Execution scheduling models based on timer interrupts do not meet the requirements of some real-time applications to respond to external events. The C28x Hardware Interrupt block addresses this problem by allowing asynchronous processing of interrupts triggered by events managed by other blocks in the C28x DSP Chip Support Library.

When the C28x Hardware Interrupt block has an external interrupt selection, the selection enables interrupts on the selected general-purpose I/O pins. To configure these pins, see the Configuration Parameters > Hardware Implementation > Hardware board settings > Target hardware resources > External Interrupt pane. For more information, see Model Configuration Parameters for Texas Instruments C2000 Processors.

The task priority indicates the relative importance of the tasks associated with the asynchronous interrupts.
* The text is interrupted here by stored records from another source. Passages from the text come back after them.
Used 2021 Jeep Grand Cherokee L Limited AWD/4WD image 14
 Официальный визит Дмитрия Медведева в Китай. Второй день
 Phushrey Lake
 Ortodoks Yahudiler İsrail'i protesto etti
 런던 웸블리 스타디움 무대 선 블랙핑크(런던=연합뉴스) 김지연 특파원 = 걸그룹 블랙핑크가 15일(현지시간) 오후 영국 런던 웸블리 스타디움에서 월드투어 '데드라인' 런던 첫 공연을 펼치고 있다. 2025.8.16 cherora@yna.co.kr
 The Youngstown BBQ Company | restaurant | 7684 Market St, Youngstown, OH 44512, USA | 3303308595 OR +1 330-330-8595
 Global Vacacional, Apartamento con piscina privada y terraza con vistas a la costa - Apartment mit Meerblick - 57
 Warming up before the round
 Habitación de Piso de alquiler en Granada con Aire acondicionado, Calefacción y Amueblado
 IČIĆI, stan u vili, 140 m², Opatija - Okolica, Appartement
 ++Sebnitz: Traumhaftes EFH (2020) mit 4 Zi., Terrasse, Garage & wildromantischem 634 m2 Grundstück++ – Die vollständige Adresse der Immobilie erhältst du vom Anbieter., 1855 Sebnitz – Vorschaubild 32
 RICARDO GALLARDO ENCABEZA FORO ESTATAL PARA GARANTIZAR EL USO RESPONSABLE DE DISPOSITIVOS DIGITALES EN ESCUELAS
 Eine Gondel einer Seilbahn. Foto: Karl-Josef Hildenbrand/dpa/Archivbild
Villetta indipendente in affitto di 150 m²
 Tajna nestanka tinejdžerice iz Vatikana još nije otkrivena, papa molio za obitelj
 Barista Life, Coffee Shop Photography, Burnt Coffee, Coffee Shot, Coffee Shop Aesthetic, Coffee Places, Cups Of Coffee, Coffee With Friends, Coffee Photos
The lowest value in this field represents the highest priority. The default priority value of the base rate task is 40, so the priority value for each asynchronously triggered task must be less than 40 (to configure them as higher-priority) for these tasks to preempt the base rate task.

The preemption flag determines whether a given interrupt is preemptable or not. Preemption overrides prioritization, if an interrupt triggers a higher-priority task while a lower-priority task is running, the execution of the lower-priority task can be suspended and resumed after the completion of the higher priority task, provided the lower-priority task is configured as preemptable.

Vectorized Output

The output of this block is a function call. The size of the function call line equals the number of interrupts the block is set to handle. Each interrupt is represented by four parameters shown on the dialog box of the block. These parameters are a set of four vectors of equal length. Each interrupt is represented by one element from each parameter (four elements total), one from the same position in each of these vectors.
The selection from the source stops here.